Material for this task Start Marker

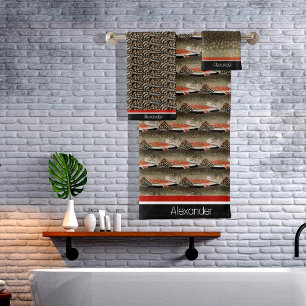 Moderne Monogram Truite Poisson Design Noir Blanc 
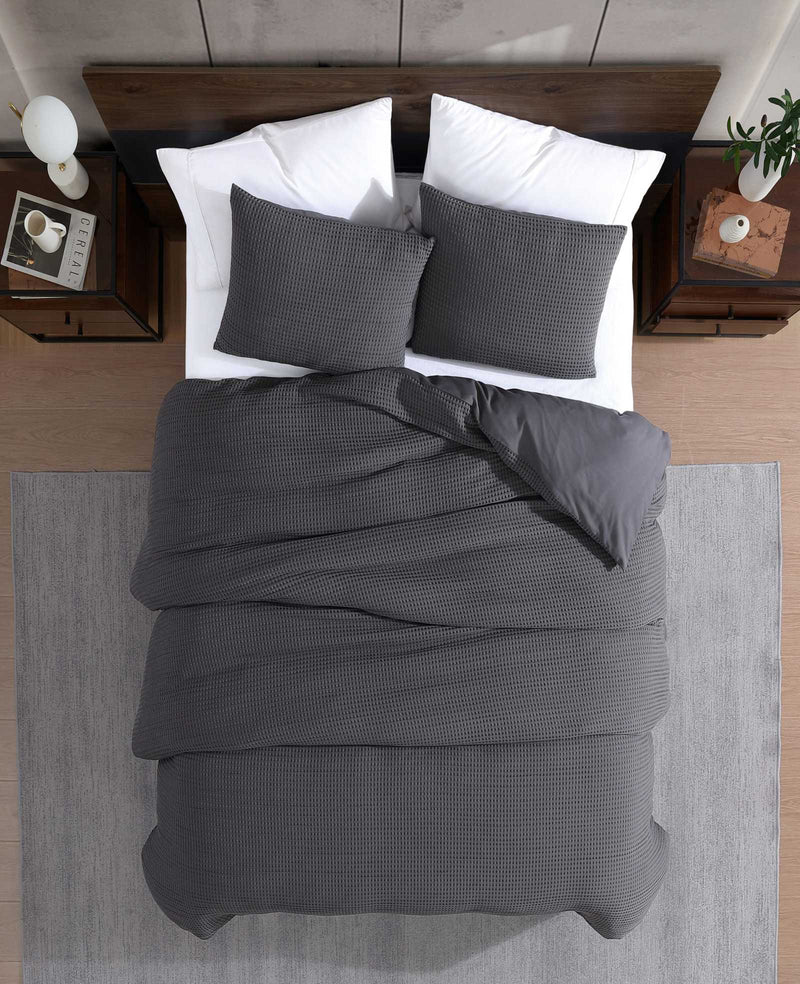 Kenneth Cole - Solid Waffle Duvet Set Bedding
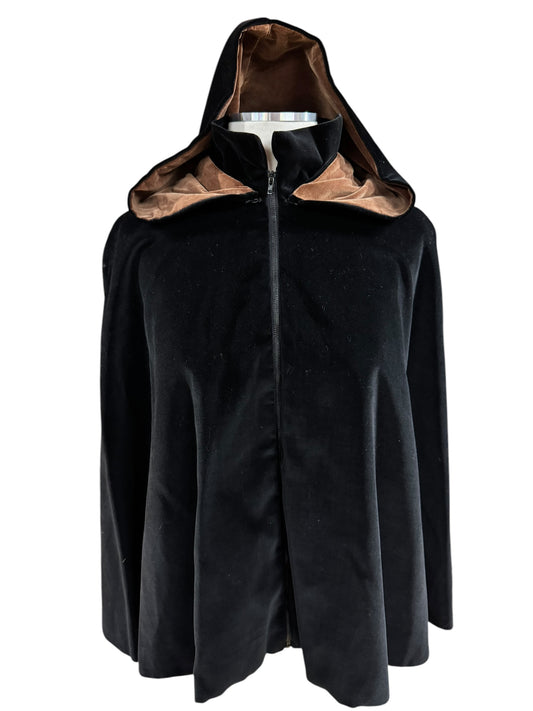 Front view of 1950s Black and Brown Hooded Velvet Capelet m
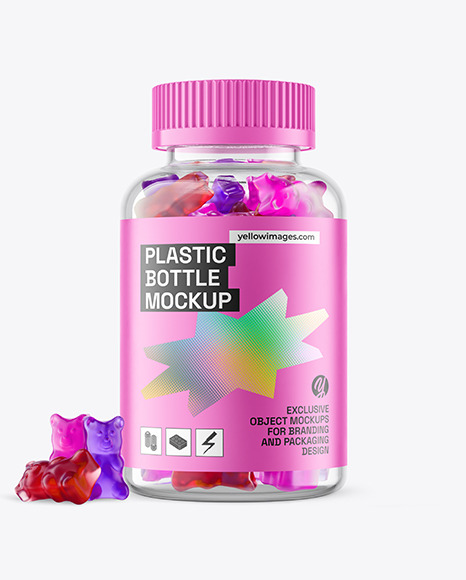 Plastic Bottle with Gummies Mockup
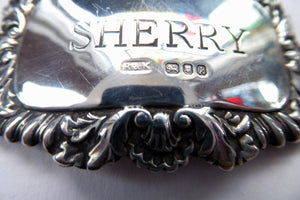 Vintage SOLID SILVER SHERRY Decanter Bottle Label. Hallmarked with the London Silver Mark for 1965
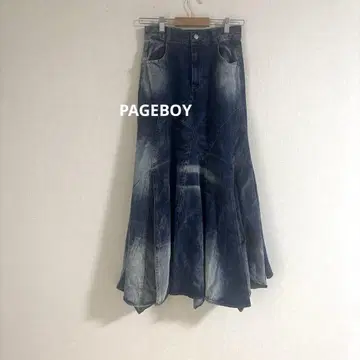 PAGEBOY 시어 블리치 데님 롱 스커트 플레어 맥시 길이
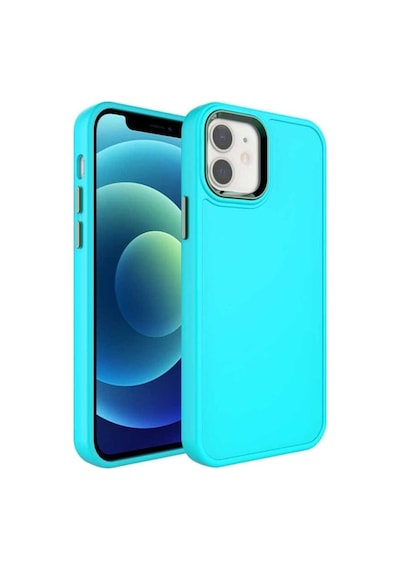 Apple Uyumlu iPhone 11 Kılıf Metal Çerçeve Ve Buton Tasarımlı Sert Zore Botox Kapak Turkuaz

Material for this task End Marker

## [Required work]
Make an exact copy of the records shown above, without the pictures.

## [Response for this exercise]
 Moderne Monogram Truite Poisson Design Noir Blanc 
 Kenneth Cole - Solid Waffle Duvet Set Bedding
 Front view of 1950s Black and Brown Hooded Velvet Capelet m
 Plastic Bottle with Gummies Mockup
 Vintage SOLID SILVER SHERRY Decanter Bottle Label. Hallmarked with the London Silver Mark for 1965
 PAGEBOY 시어 블리치 데님 롱 스커트 플레어 맥시 길이
 Apple Uyumlu iPhone 11 Kılıf Metal Çerçeve Ve Buton Tasarımlı Sert Zore Botox Kapak Turkuaz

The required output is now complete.